I worked on a farm for 6 months of so when I left school then joined Perth and Kinross Constabulary as a police cadet in 1964. I became a fully-fledged constable in May 1966 and served in various places in Perthshire, much of my work being in CID. I was particularly interested, because of my background, in dealing with poaching offences and have reported literally hundreds of salmon poaching cases as well as several deer poaching cases. I also had a three-year spell as detective sergeant in the drugs squad in Dundee and latterly served as inspector covering the south and west of Perthshire.

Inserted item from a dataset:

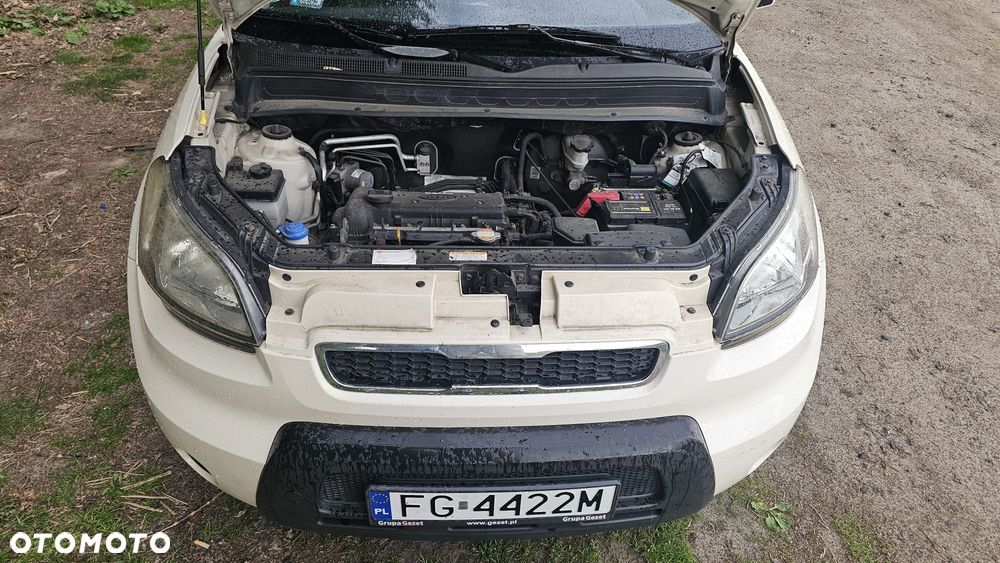 Kia Soul 1.6 CVVT - 12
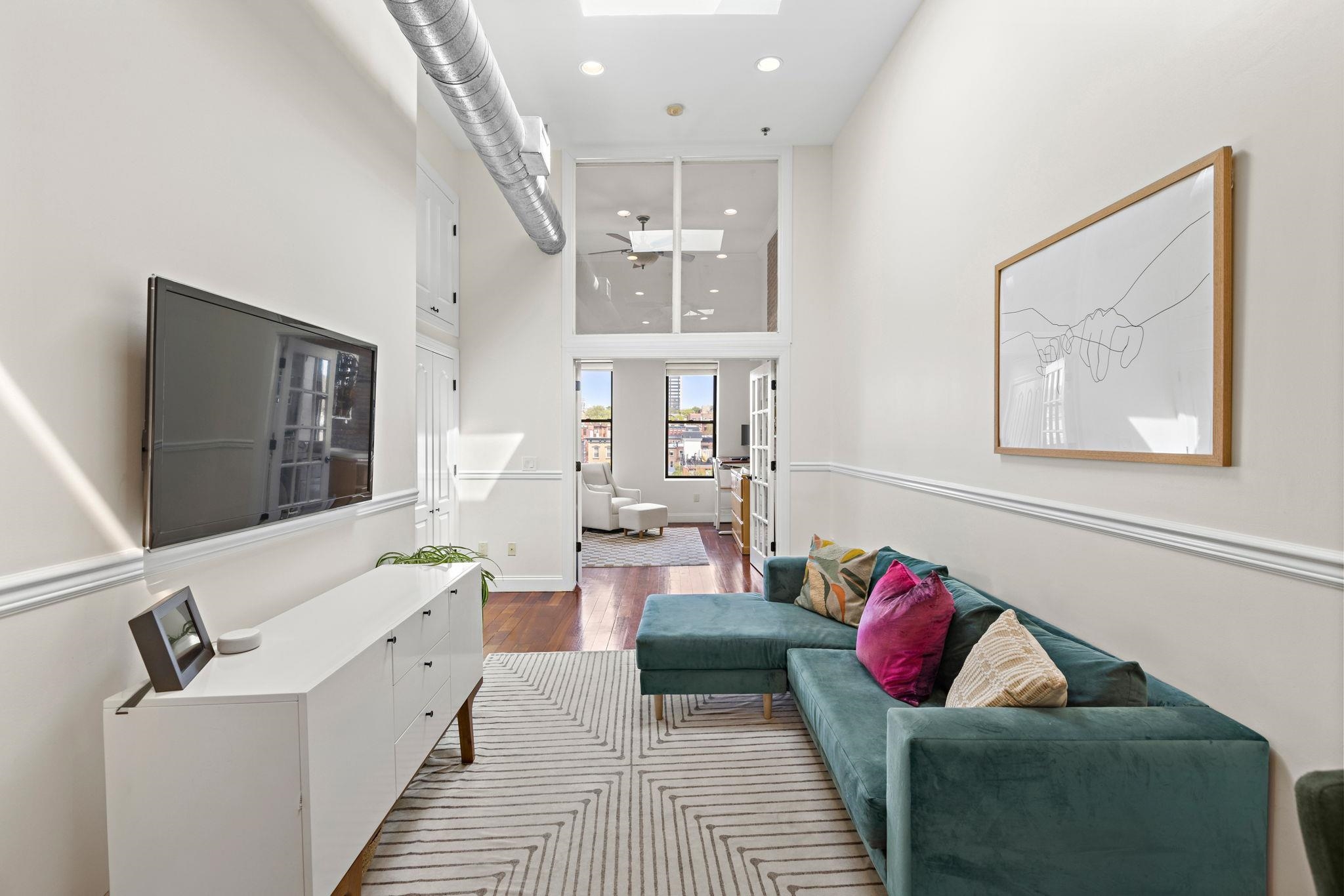 744 PARK AVE Unit: 5L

In 1993, concomitant to my promotion to inspector, I was made force wildlife crime officer, overseeing any investigations into crime committed against our wide range of wildlife in Tayside (by this time the force I joined had amalgamated with the Angus Constabulary and Dundee City Police to form Tayside Police).  The crimes we were mainly dealing with were hare coursing, deer poaching, the illegal shooting, trapping and poisoning of various protected species such as birds of prey, otters and badgers, wild bird egg collecting, illegal shooting of seals, disturbance of the rarer protected birds at nesting time, destruction of birds’ nests, disturbance of bat roosts, taking freshwater pearl mussels, illegal falconry, uprooting rare plants, cruelty to wild animals and also cruelty to domestic animals.

I had this part-time role for four years until my retirement as a police officer in the autumn of 1997, but the force hadn’t seen the last of me: I was re-employed after a 6 hour ‘retirement’ and taken on again by the force in a dual civilian role as wildlife crime officer and firearm enquiry officer.  The volume of work with wildlife crime soon meant that I had to concentrate on that and I became the first full-time wildlife crime officer in Scotland.

I had quite a free rein as a civilian wildlife crime officer and spent my time between investigations, educational projects, training police officers, organising conferences and giving talks. I had a very good relationship with a series of environment ministers in the Scottish Government and worked closely with their staff in improving wildlife legislation, which was certainly much needed.

I retired from this role in May 2011, but almost immediately began to work on a voluntary basis with the UK National Wildlife Crime Unit (NWCU). This very soon graduated to employment by the Unit as an intelligence officer and the insight into wildlife crime as committed UK-wide rather than just within one police force was invaluable.  NWCU gather and disseminate intelligence on wildlife crime to all forces and to the UK Border Force. The Unit’s four investigation support officers (one covering Scotland and the other three covering the rest of the UK) assist police forces with some of the more complex investigations, and all of the Unit’s staff assist with advice and research. 

NWCU, which only carries around 13 staff, must arguably be the most professional and experienced police unit in the UK. There are only two serving officers in the Unit: the head of the Unit and the investigation support officer who covers Scotland.  The remainder of the staff are retired police officers – either former wildlife crime officers or specialised detective officers – and former civilian employees from police forces. At the time I was there the five former police officers had a total of almost 200 years of policing experience. I unfortunately had to retire from this fantastic job at the beginning of 2015 on health grounds, but it brought my service in various forms of policing to a nice round 50.

On the domestic front my wife and I share a house on the edge of a Perthshire village with our wee dog Molly. We have an expansive garden which includes a wood of about 200 larch trees, 2 burns, a pond and a large vegetable garden.  Twenty-two khaki Campbell ducks and 5 black rock hens share the garden with us. As well as gardening I spend much of my time now writing and have had 5 books on wildlife crime and one on wildlife published.